Не очень понятно, с какой внутренней субъективной целью Балагов это всё показал (бывают же сны «просто так»), но то, что он дал снимок той магмы, которая кипит под слоем пыли на Кавказе, — это несомненно. И на основе его фильма русским и как народу, и как движителю российской государственности следует сделать выводы весьма определённые и жёсткие. Мир без сильной власти в России, без русской культуры, русской силы и русского человеческого излучения, показанный Балаговым, слишком уж похож на ад. Причём отнюдь не первого круга…
Они сдавались за Лувр
«Франкофония»
Франция, Германия, Нидерланды, 2015.
Режиссёр и сценарист Александр Сокуров
Александр Сокуров — режиссёр экспортный, если не сказать — «экспатный». Его фильмы снимаются для европейских и американских кинофестивалей. Хотя в большинстве случаев дело ограничивается номинациями («Золотого Льва» Венеции Сокуров получил один раз — в 2011 году за «Фауста», а «Золотую пальмовую ветвь» Канн — ни разу), это даёт режиссёру достаточный статус «внутреннего иностранца», чтобы требовать от России «вернуть острова принадлежащие японскому народу», или призывать «не вмешиваться в дела Украины».
Однако в «Франкофонии» Сокуров зачем-то решил показать Европе саму Европу, да ещё и напомнить о старых грехах. А потому — предсказуемо провалился.
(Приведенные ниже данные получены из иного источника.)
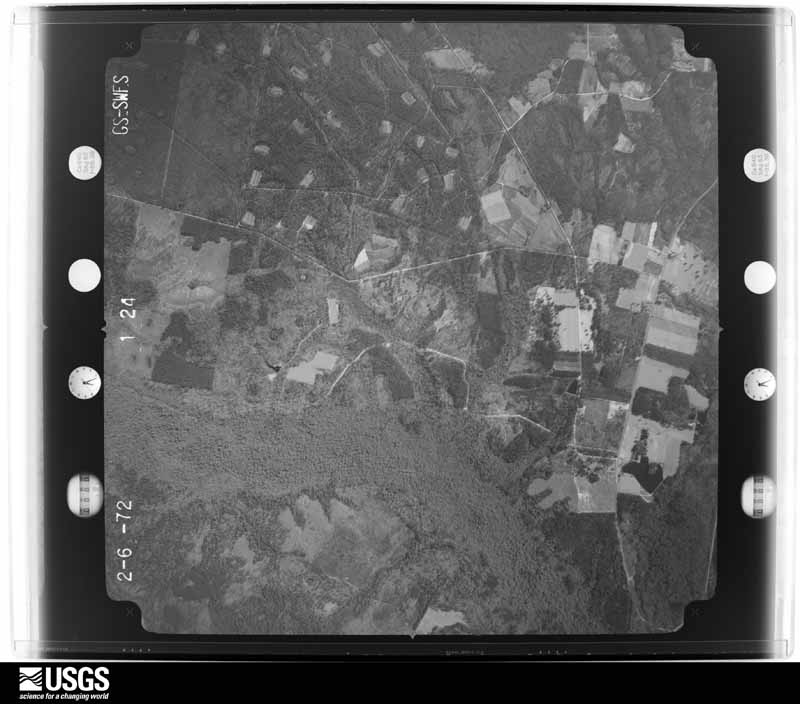 U.S. Geological Survey aerial photograph, 1972-02-06, scale 1:20500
От Сокурова ожидался оригинальный фильм-экскурсия по Лувру, наподобие действительно удачного «Русского ковчега», посвящённого Эрмитажу. Вместо этого на зрителя обрушиваются без малого полтора часа какофонии: обрывочные и перепутанные сведения по истории великого музея переплетаются с историей катастрофы голландского сухогруза, везущего музейные коллекции за океан. По залам Лувра бегают, выкрикивая бессвязные фразы, символ Французской Республики Марианна и император Наполеон — выглядит всё это как дешёвая низкобюджетная пародия на голливудскую «Ночь в музее».
Монолог самого Сокурова построен так, что режиссёр кажется плавающим у доски двоечником. Он непрерывно повторяет слова, как люди, которые не знают что сказать: «Боже, боже. Что? Что? Лувр! Лувр!». Дальше следует какая-нибудь банальность, историческая ошибка или паясничание, вроде обращения к фото мёртвого Льва Толстого: «Спит. Просыпайтесь!». Весь фильм русского зрителя будет съедать чувство неудобства за так позорящегося перед французами соотечественника.
Единственной связной линией «Франкофонии» является история Лувра в оккупированном Париже, когда французский бюрократ (но отнюдь не искусствовед) Жак Жежар и немецкий граф и профессиональный музейный хранитель Франц Вольф Меттерних защищали от разграбления коллекции величайшего музея.
История эта изложена Сокуровым настолько путано, что её смысл от зрителя, скорее всего, ускользнёт. Навидавшись в годы Первой мировой войны чудовищных картин разрушенных памятников на оккупированной немцами территории Франции и Бельгии (расстрелянный собор в Реймсе, сожжённая Лувенская библиотека, взорванный донжон замка Шато де Куси), Меттерних твердо решил впредь такого не допустить и поэтому истово делал карьеру в нацистской партии, чтобы добиться крупных музейных постов.
В годы Второй мировой войны возглавляемая им организация следила за выполнением немцами соглашений об охране памятников, и главным смелым поступком Меттерниха стало то, что он, вопреки прямому распоряжению Гитлера, не допустил возвращения в Лувр его коллекции, укрытой в начале войны в замках долины Луары на территории формально независимого коллаборационистского «Французского государства» маршала Петэна со столицей в Виши. Тем самым Меттерних не подпустил к сокровищам Лувра ни нацистского идеолога Розенберга с его идеей «Музея фюрера», ни «коллекционера» Геринга, желавшего полакомиться трофеями. До конца войны шедевры так и остались в самой тихой части Франции, вдали от политических бурь и боевых действий, за что французы немецкому графу, безусловно, обязаны.